2013-01-15 Thread Jerome Caron
Dear all,
I am new to the Numpy-discussion list.
I would like to follow up some possibly useful information about calculating 
median.
The message below was posted today on the AstroPy mailing list.
Kind regards
Jerome Caron

#
I think the calculation of median values in Numpy is not optimal. I don't know 
if there are other libraries that do better?
On my machine I get these results:
 data = numpy.random.rand(5000,5000)
 t0=time.time();print numpy.ma.median(data);print time.time()-t0
0.499845739822
15.194332
 t0=time.time();print numpy.median(data);print time.time()-t0
0.499845739822
4.3219918
 t0=time.time();print aspylib.astro.get_median(data);print time.time()-t0
[ 0.49984574]
0.9047139


The median calculation in Aspylib is using C code from Nicolas Devillard (can 
be found here: http://ndevilla.free.fr/median/index.html) interfaced with 
ctypes.
It could be easily re-used for other, more official packages. I think the code 
also finds quantiles efficiently.
See: http://www.aspylib.com/
___
NumPy-Discussion mailing list
NumPy-Discussion@scipy.org
http://mail.scipy.org/mailman/listinfo/numpy-discussion


Re: [Numpy-discussion] algorithm for faster median calculation ?

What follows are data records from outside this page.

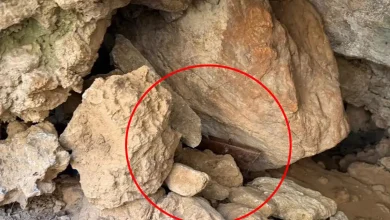 Νέα τροπή παίρνει η υπόθεση του αιματηρού επεισοδίου στα Βορίζια Ηρακλείου, καθώς οι αρχές ταυτοποίησαν ως εμπλεκόμενο τον 43χρονο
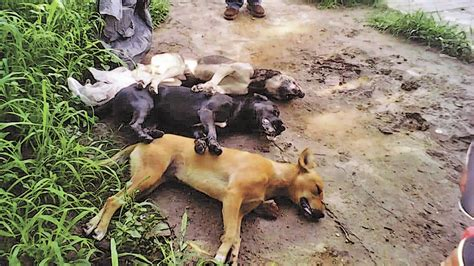 Los animales no 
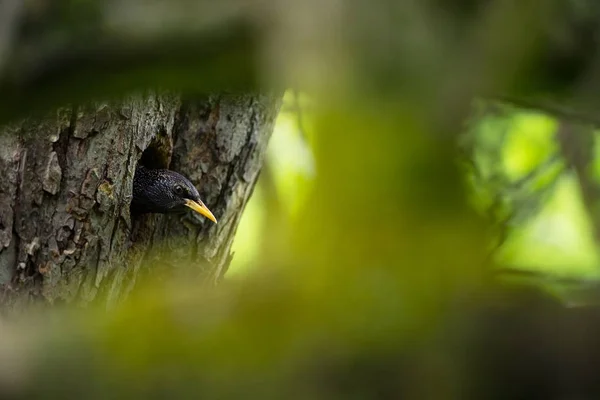 Sturnus vulgaris. The wild nature of the Czech Republic. Free nature. Picture of a bird in nature. Beautiful picture. Bird in the woods. Deep forest. Mysterious Forest. Wild. From bird life. Spring nature. Green Forest. Sunny day.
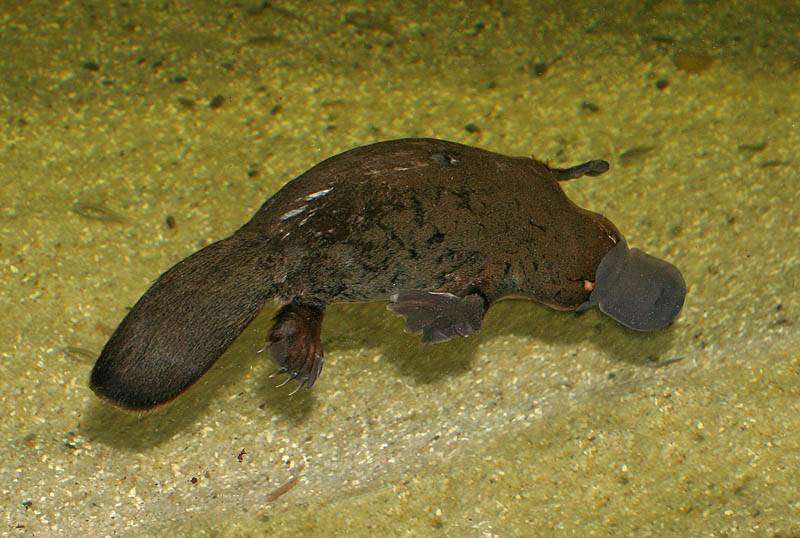 Platypus swimming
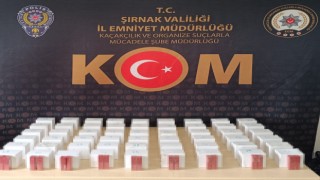 Şırnakta asayiş ve terör operasyonları: 4 tutuklama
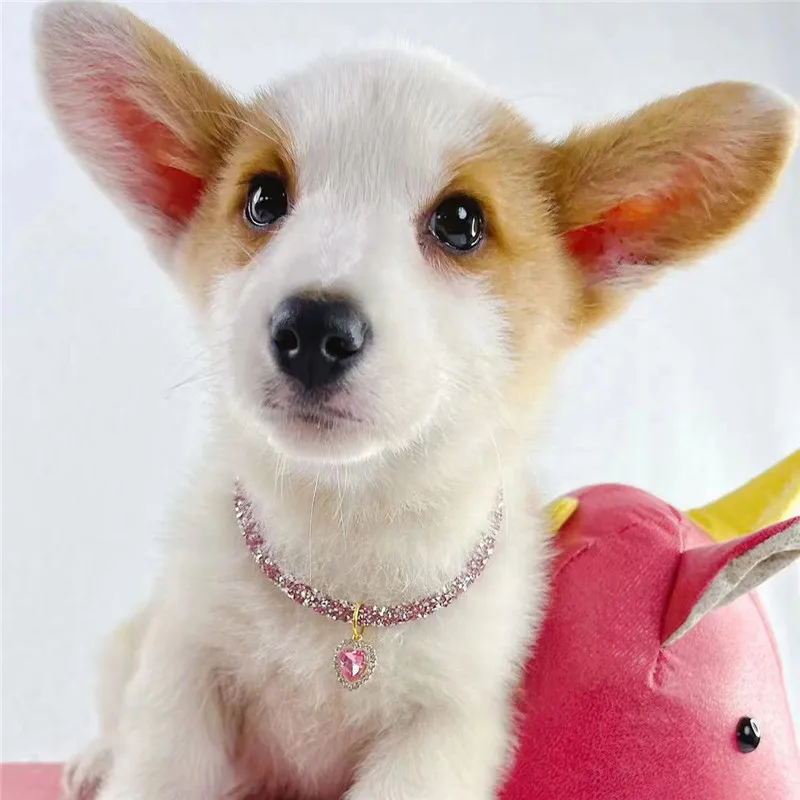 Crystal Heart Pendant Cat Collar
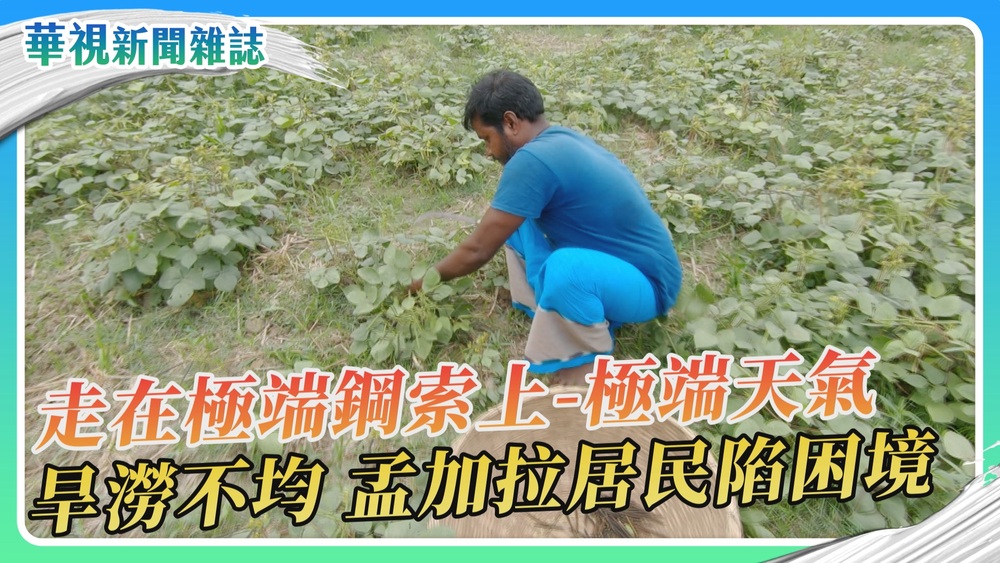 【走在極端鋼索上】氣候變遷 孟加拉居民深陷困境｜華視新聞雜誌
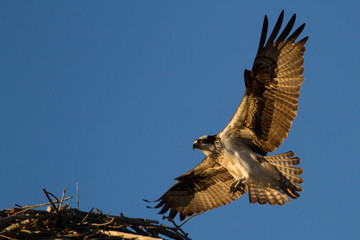 Osprey in flight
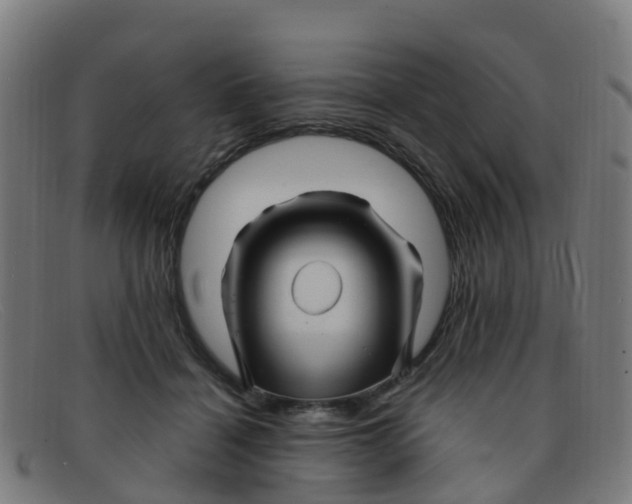 X0000091500460200709131854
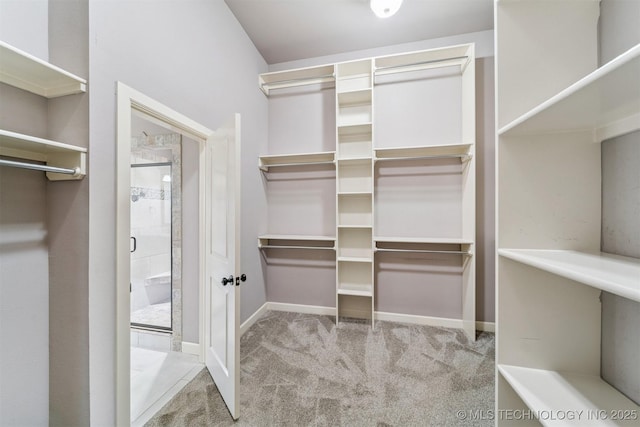 6107 E 127th St N, Collinsville, OK 74021 - spacious closet featuring carpet floors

2013-01-15 Thread Christoph Deil

On Jan 15, 2013, at 8:31 PM, Jerome Caron jerome_caron_as...@ymail.com wrote:

 Dear all,
 I am new to the Numpy-discussion list.
 I would like to follow up some possibly useful information about calculating 
 median.
 The message below was posted today on the AstroPy mailing list.
 Kind regards
 Jerome Caron
  
 #
 I think the calculation of median values in Numpy is not optimal. I don't 
 know if there are other libraries that do better?
 On my machine I get these results:
  data = numpy.random.rand(5000,5000)
  t0=time.time();print numpy.ma.median(data);print time.time()-t0
 0.499845739822
 15.194332
  t0=time.time();print numpy.median(data);print time.time()-t0
 0.499845739822
 4.3219918
  t0=time.time();print aspylib.astro.get_median(data);print time.time()-t0
 [ 0.49984574]
 0.9047139
 
 The median calculation in Aspylib is using C code from Nicolas Devillard (can 
 be found here: http://ndevilla.free.fr/median/index.html) interfaced with 
 ctypes.
 It could be easily re-used for other, more official packages. I think the 
 code also finds quantiles efficiently.
 See: http://www.aspylib.com/
  
 ___
 NumPy-Discussion mailing list
 NumPy-Discussion@scipy.org
 http://mail.scipy.org/mailman/listinfo/numpy-discussion

Hi Jerome,

some of the numpy devs are already discussing how to best implement the fast 
median for numpy here:
https://github.com/numpy/numpy/issues/1811 median in average O(n) time

If you want to get an email when someone posts a comment on that github ticket, 
sign up for a free github account, then click on watch tread at the bottom of 
that issue.

Note that numpy is BSD-licensed, so they can't take GPL-licensed code.
But I think looking at the method you have in aspylib is OK, so thanks for 
sharing!

Christoph___
NumPy-Discussion mailing list
NumPy-Discussion@scipy.org
http://mail.scipy.org/mailman/listinfo/numpy-discussion


Re: [Numpy-discussion] algorithm for faster median calculation ?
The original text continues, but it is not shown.